▶ _What is required_
If a record holds a picture, please leave the picture out and copy the rest of the record exactly.

▶ _Exercise material_
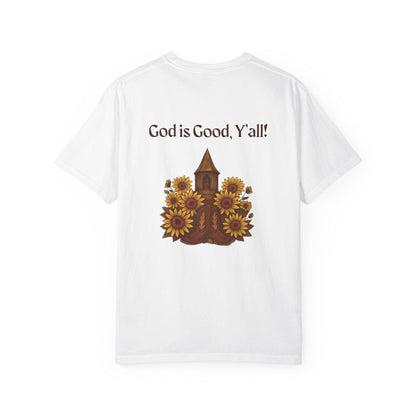 Sunflower Graphic Tee: God is Good Y'all, Faith-Based Cotton T-Shirt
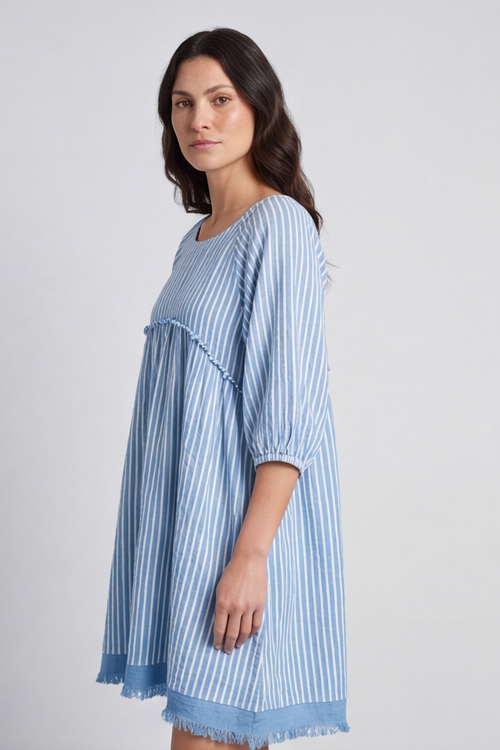 Kadenzia Stripe Cotton Tunic Blue - Image 4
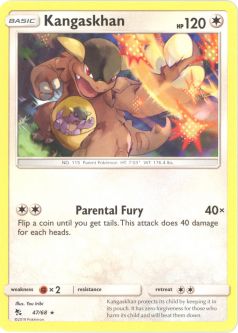 Pokemon Card - Sun & Moon Hidden Fates 47/68 - KANGASKHAN (rare)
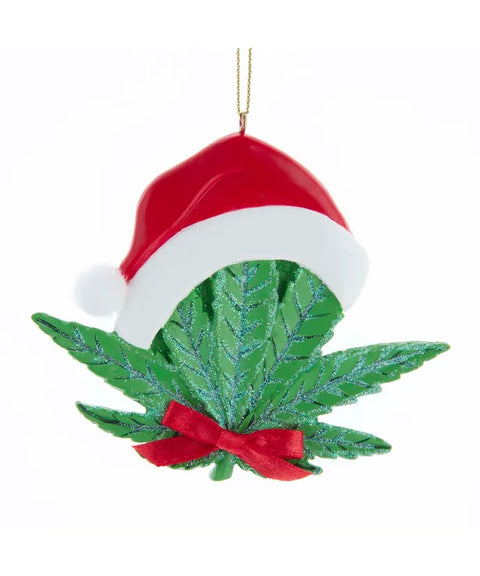 Cannabis Leaf With Santa Hat Ornament for Personalization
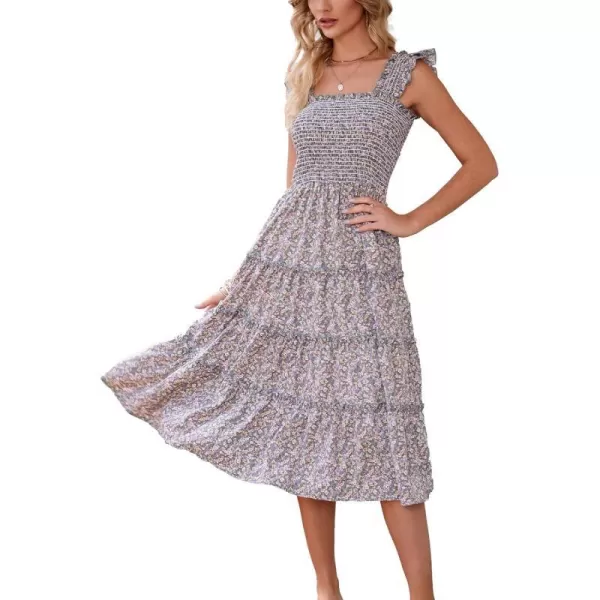 imageBTFBM Womens Summer Boho Smocked Beach Dresses Sleeveless Shoulder Strap Floral Flowy Tiered Party Midi Casual SundressFloral Green
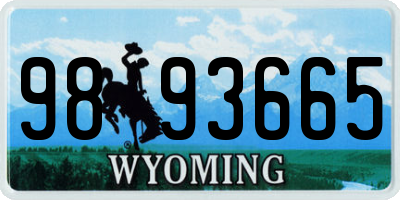 WY license plate 9893665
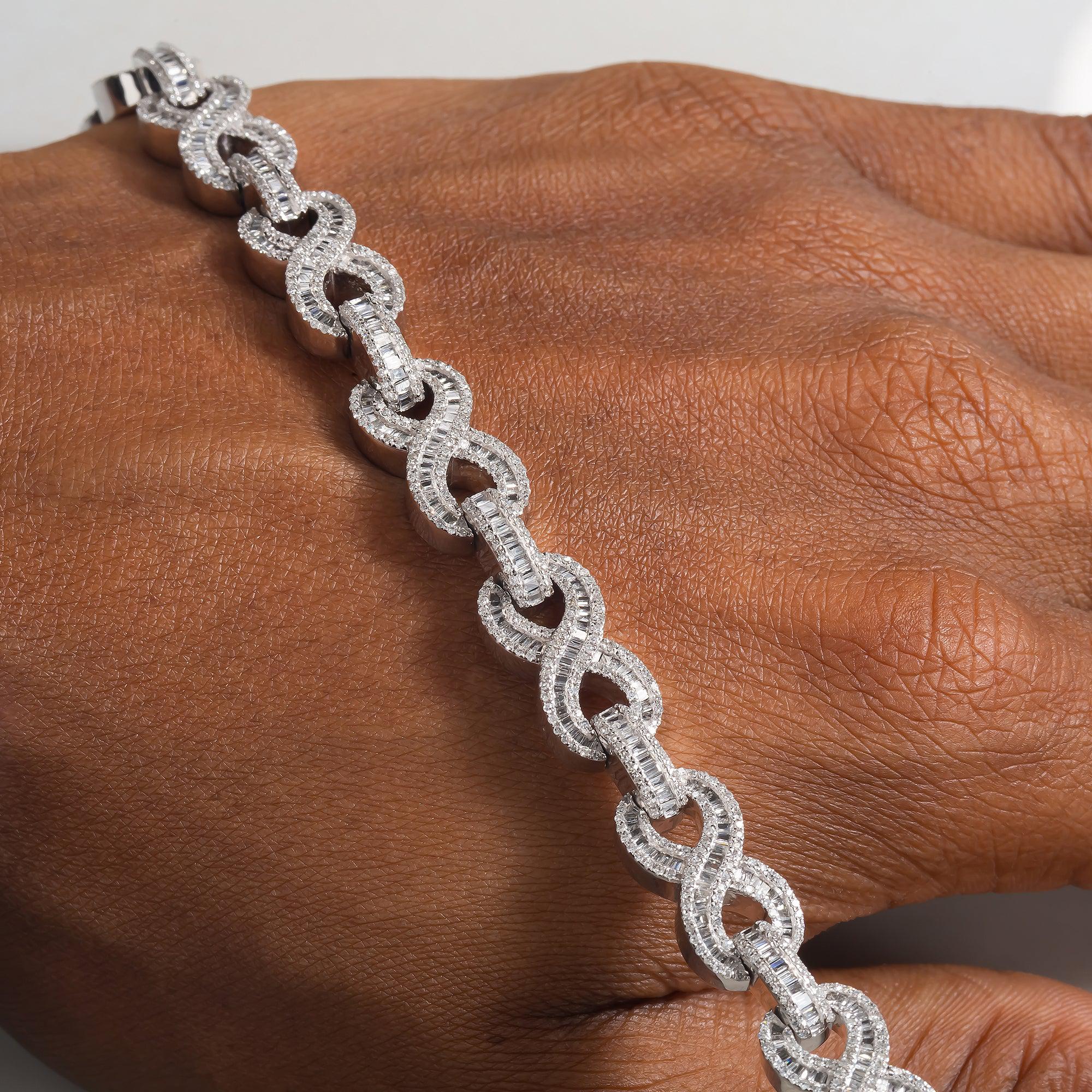 10K GOLD BAGUETTE AND ROUND DIAMONDS INFINITY CHAIN BRACELET 5.25 CT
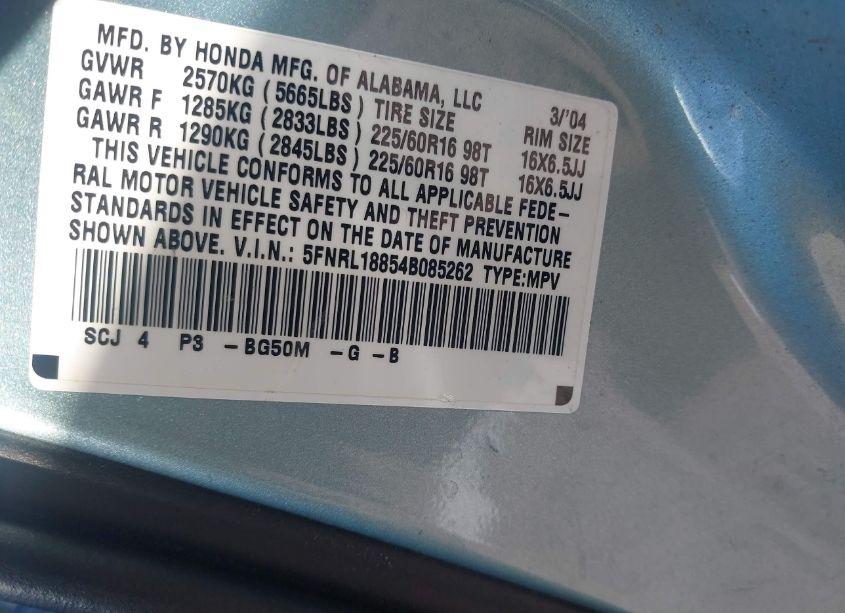 Photo 9 of 2004 Honda Odyssey EX (VIN 5FNRL18854B085262)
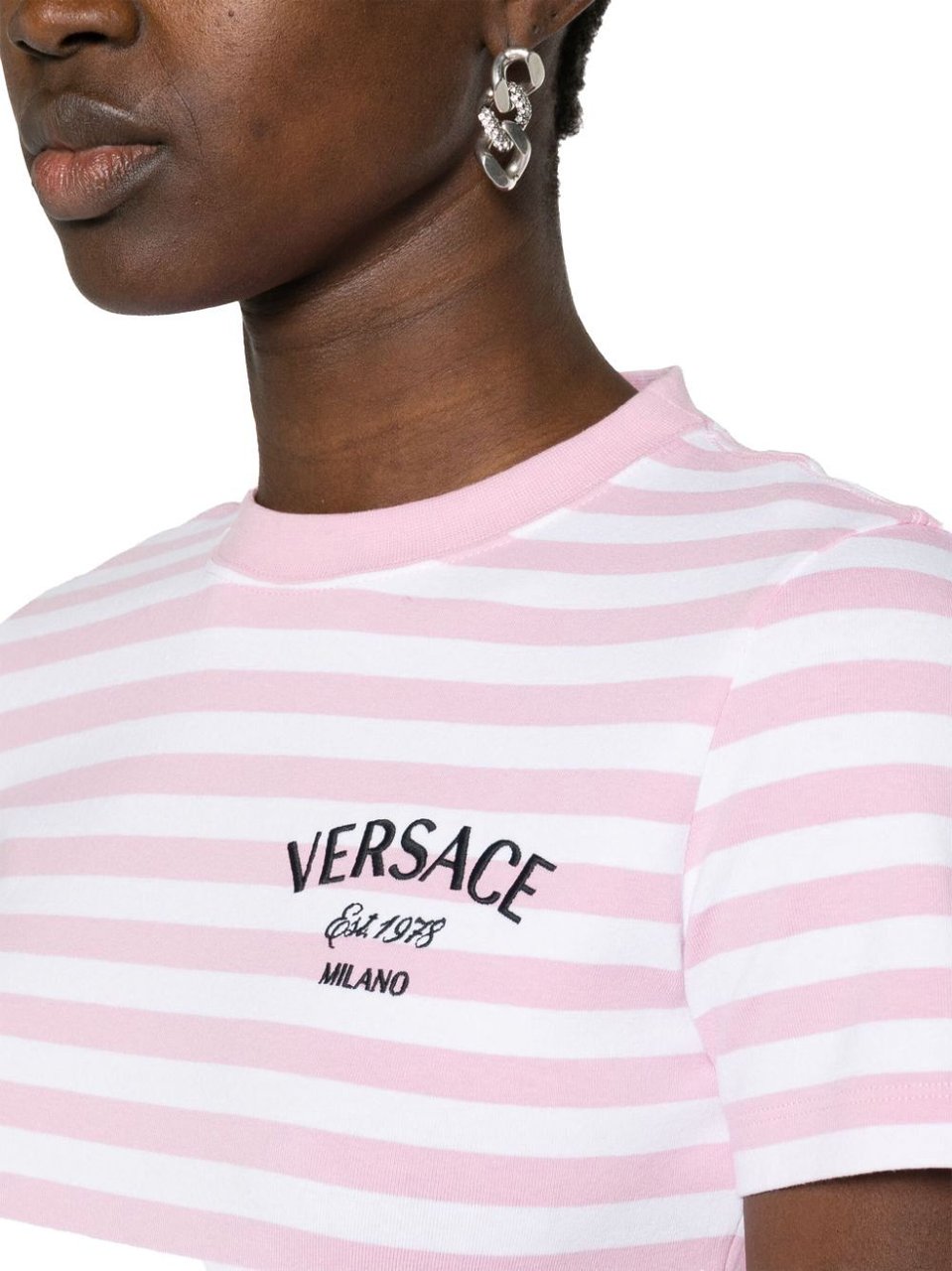 Versace logo-embroidered striped T-shirt Divers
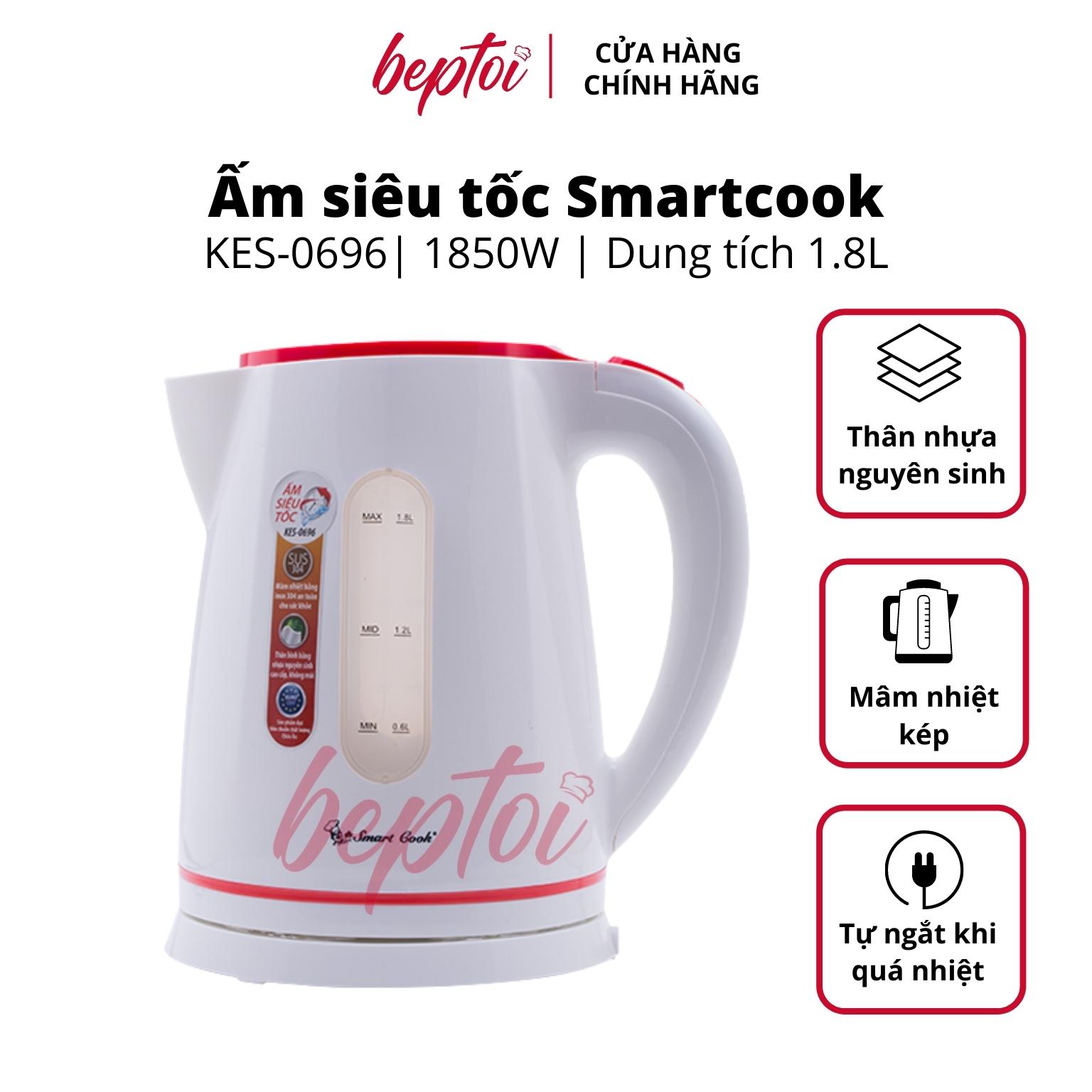 Bình đun siêu tốc, ấm siêu tốc bền đẹp, thân nhựa cao cấp, dung tích 1.5L Smartcook KES-0696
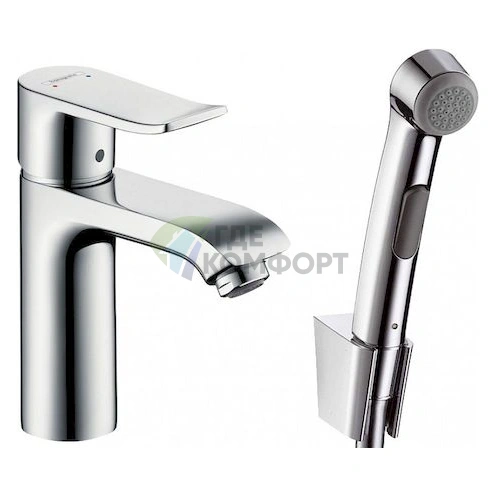 Смеситель для раковины Hansgrohe Metris с гигиеническим душем - фото 1
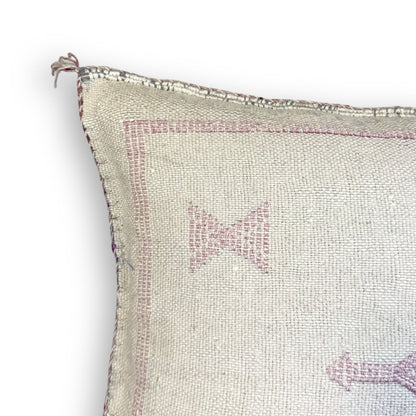 Ivory Sabra Cactus Silk Kilim Pillow Cover | Handwoven Moroccan Home Decor
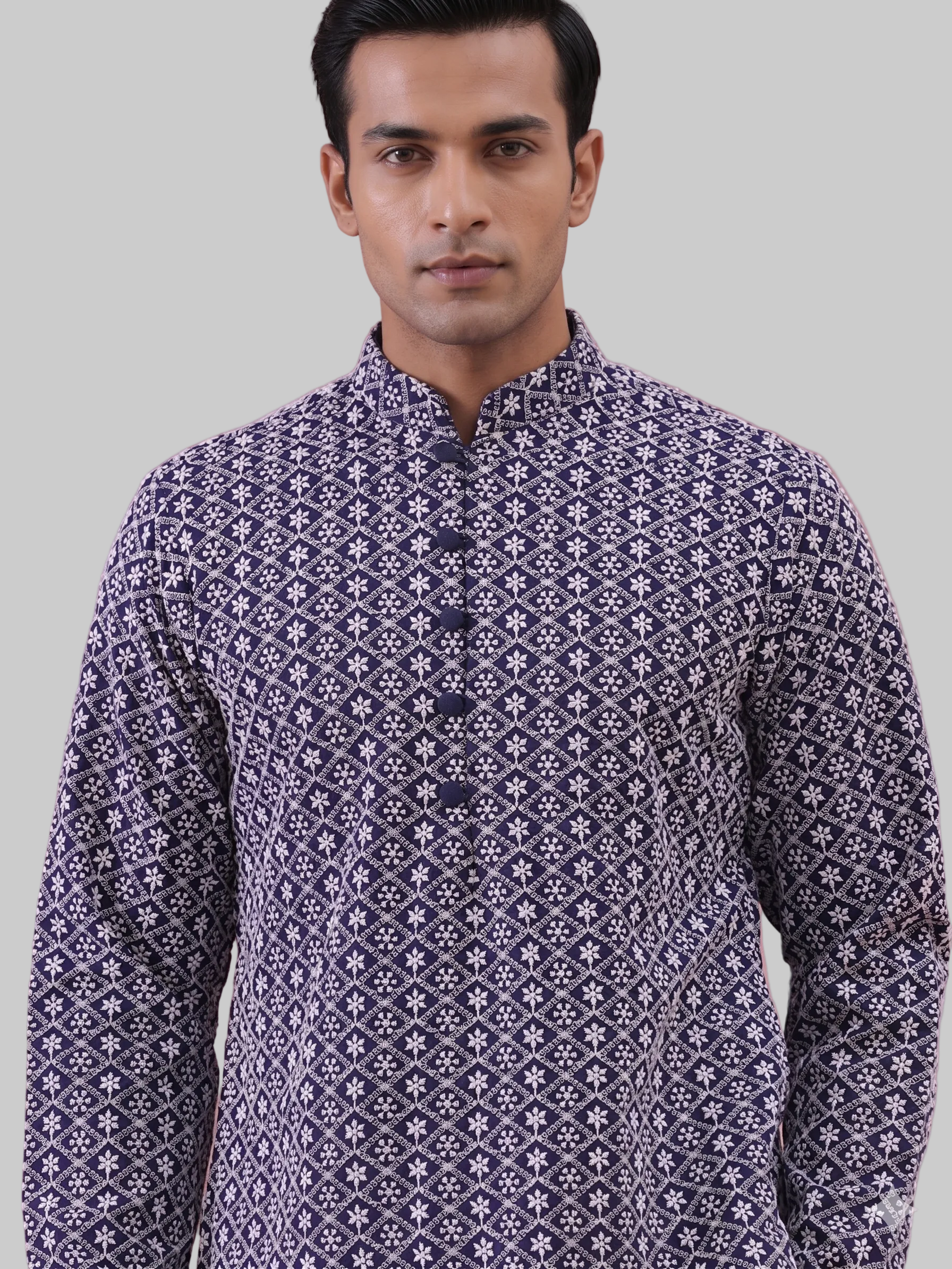 Blue White Embroidered Cotton kurta for Men (Top Only)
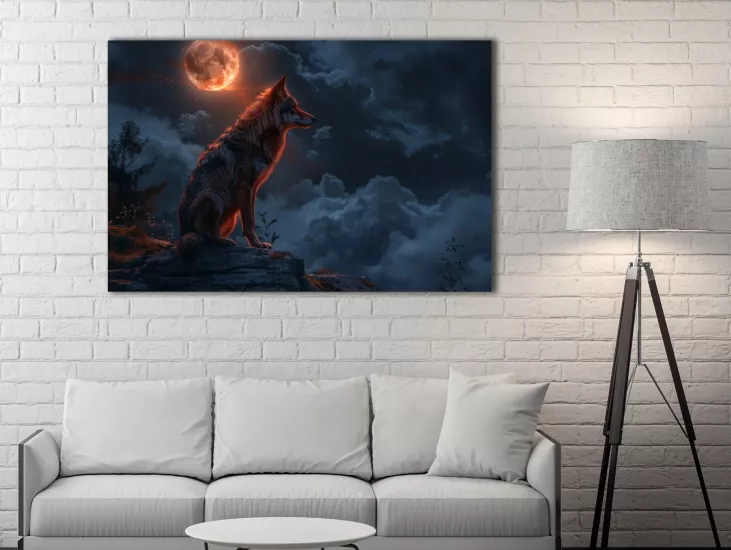 Wolf - Laminasyonlu Kanvas Tablo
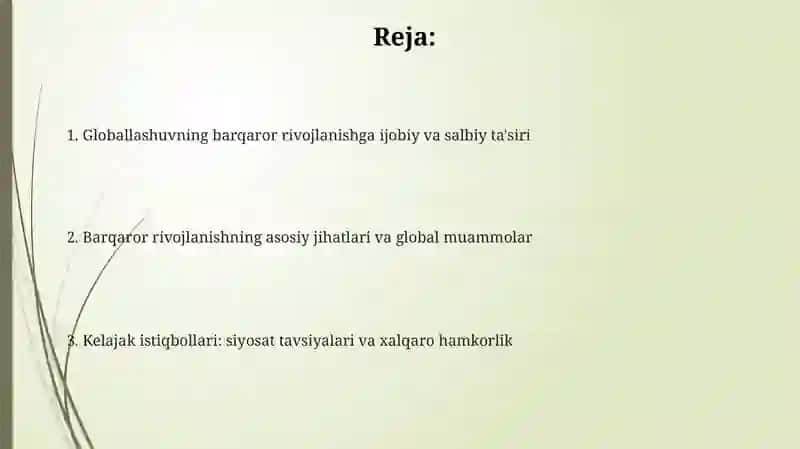 Globallashuv va Barqaror Rivojlanish: Asosiy Tushunchalar 2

▶ _Response to this task_
 Sunflower Graphic Tee: God is Good Y'all, Faith-Based Cotton T-Shirt
 Kadenzia Stripe Cotton Tunic Blue - Image 4
 Pokemon Card - Sun & Moon Hidden Fates 47/68 - KANGASKHAN (rare)
 Cannabis Leaf With Santa Hat Ornament for Personalization
 imageBTFBM Womens Summer Boho Smocked Beach Dresses Sleeveless Shoulder Strap Floral Flowy Tiered Party Midi Casual SundressFloral Green
 WY license plate 9893665
 10K GOLD BAGUETTE AND ROUND DIAMONDS INFINITY CHAIN BRACELET 5.25 CT
 Photo 9 of 2004 Honda Odyssey EX (VIN 5FNRL18854B085262)
 Versace logo-embroidered striped T-shirt Divers
 Bình đun siêu tốc, ấm siêu tốc bền đẹp, thân nhựa cao cấp, dung tích 1.5L Smartcook KES-0696
 Смеситель для раковины Hansgrohe Metris с гигиеническим душем - фото 1
 Ivory Sabra Cactus Silk Kilim Pillow Cover | Handwoven Moroccan Home Decor
 Blue White Embroidered Cotton kurta for Men (Top Only)
 Wolf - Laminasyonlu Kanvas Tablo
 Globallashuv va Barqaror Rivojlanish: Asosiy Tushunchalar 2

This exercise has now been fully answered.